IO utilities.
Functions
cudf_string_cols_exceed_max_bytes (df, ...) |
Checks a cudf DataFrame for string columns that exceed a maximum number of bytes and thus need to be truncated by calling truncate_string_cols_by_bytes . |
filter_null_data (x[, column_name]) |
Filters out null row in a dataframe's 'data' column if it exists. |
truncate_string_cols_by_bytes (df, ...[, ...]) |
Truncates all string columns in a dataframe to a maximum number of bytes. |
- cudf_string_cols_exceed_max_bytes(df, column_max_bytes)[source]
Checks a cudf DataFrame for string columns that exceed a maximum number of bytes and thus need to be truncated by calling
truncate_string_cols_by_bytes
.This method utilizes a cudf method
Series.str.byte_count()
method that pandas lacks, which can avoid a costly call to truncate_string_cols_by_bytes.- Parameters
- df
- column_max_bytes: dict[str, int]
The dataframe to check.
A mapping of string column names to the maximum number of bytes for each column.
- Returns
- bool
True if truncation is needed, False otherwise.
- filter_null_data(x, column_name='data')[source]
Filters out null row in a dataframe’s ‘data’ column if it exists.
- Parameters
- x
- column_name
The dataframe to fix.
The column name to filter on.
- truncate_string_cols_by_bytes(df, column_max_bytes, warn_on_truncate=True)[source]

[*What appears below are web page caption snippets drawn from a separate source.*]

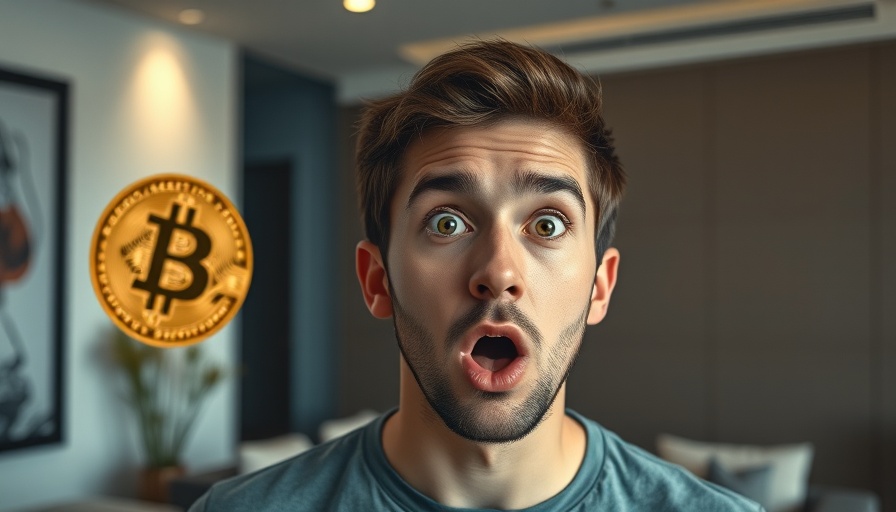 Young man surprised by Bitcoin news, Today is Crucial for Bitcoin.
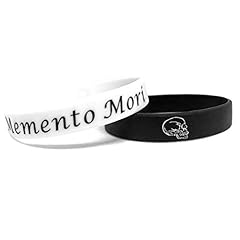 Memento mori wristbands for sale  Delivered anywhere in USA 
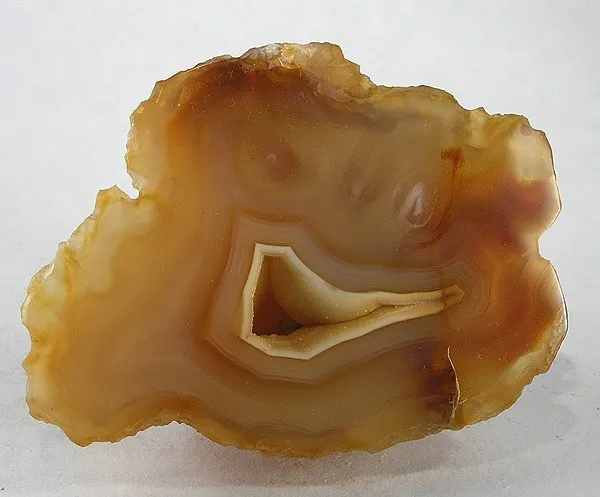 Chalcedony (Var: Agate) image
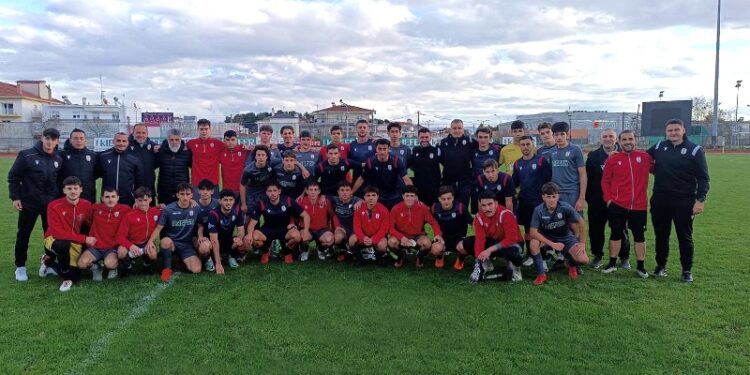 ΦΣ Κοζάνη: Φιλικό της πρώτης ομάδας με την Κ19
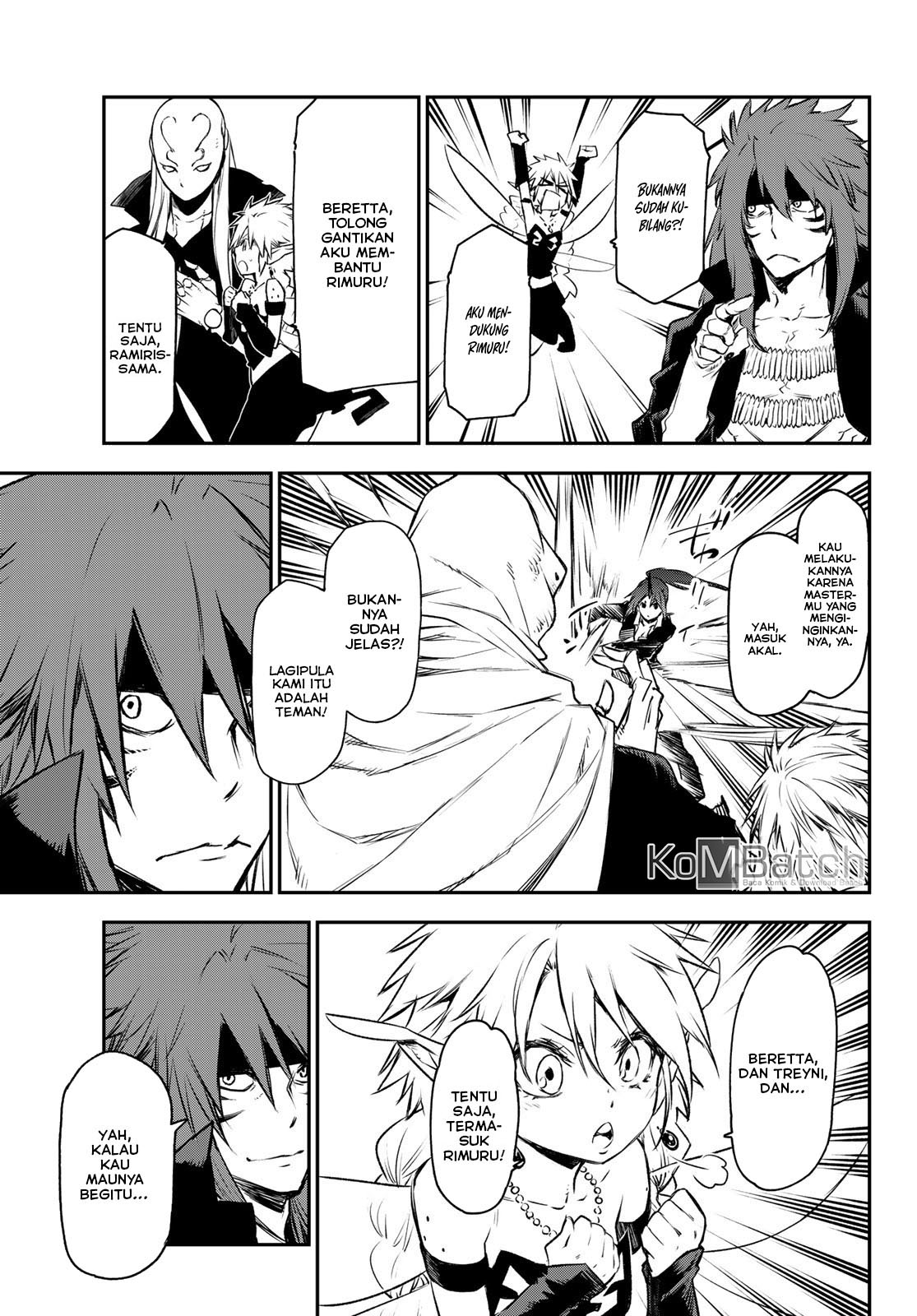 Tensei Shitara Slime Datta Ken Chapter 82 Gambar 36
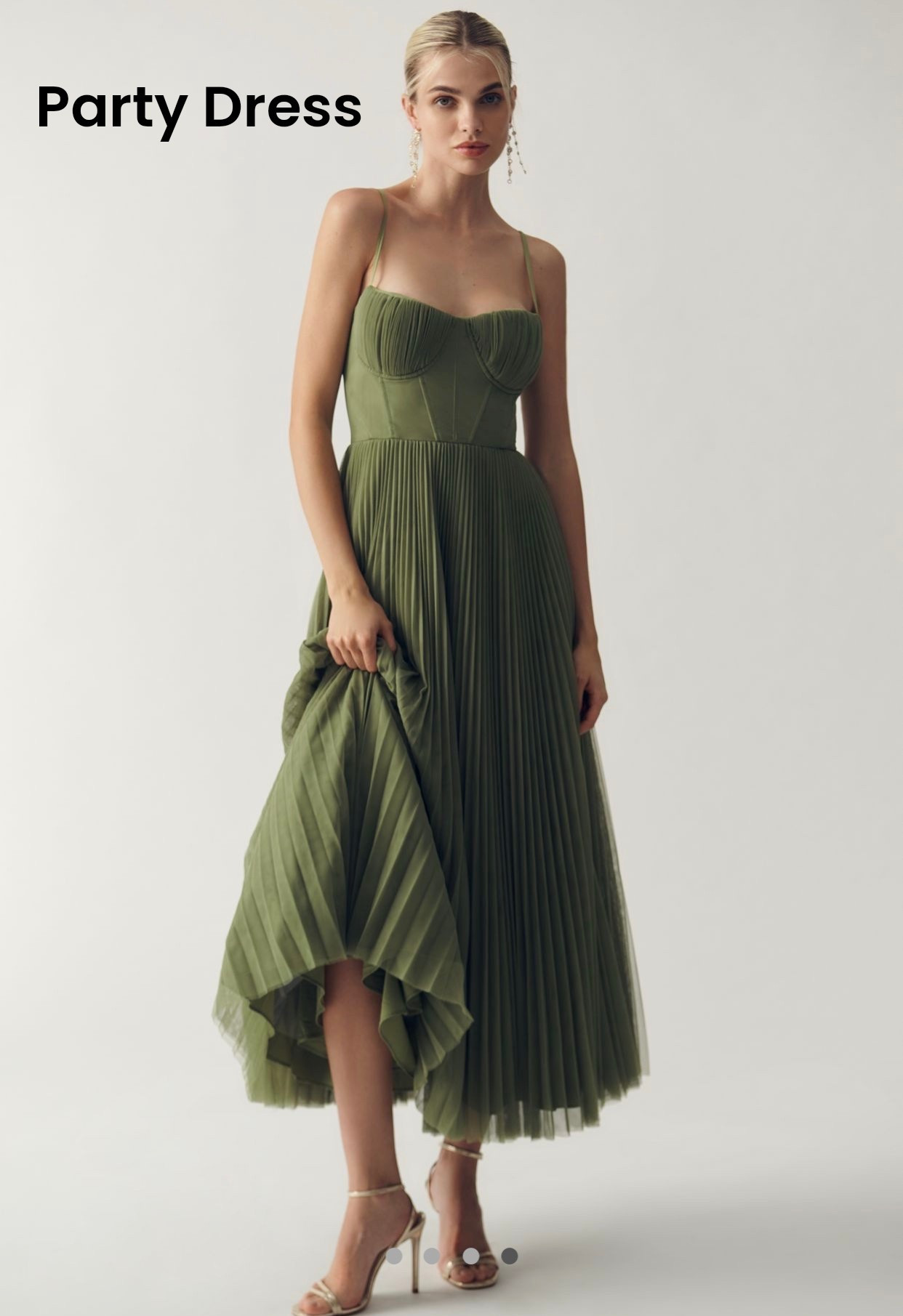 The perfect holiday party dress! Can be dressed up or down. Add some layers for a cozy feeling or sparkle for a party. #christmasparty #holidaydress #mididress #womensholidayoutfit #partydress

#LTKSeasonal #LTKHoliday #LTKOver40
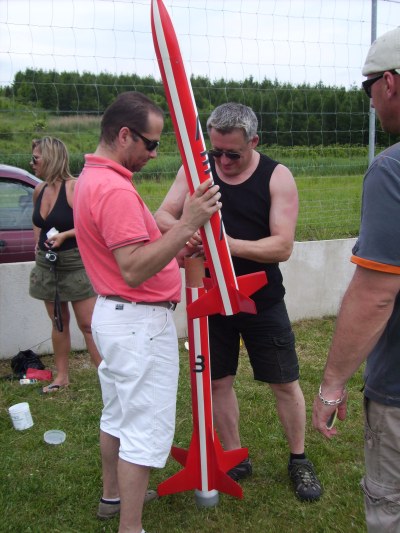 Tschechien Modellraketenflugtag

Truncates all string columns in a dataframe to a maximum number of bytes. This operation is performed in-place on the dataframe.
- Parameters
- df
- column_max_bytes: dict[str, int]
- warn_on_truncate: bool, default True
The dataframe to truncate.
A mapping of string column names to the maximum number of bytes for each column.
Whether to log a warning when truncating a column.
- Returns
- bool
True if truncation was performed, False otherwise.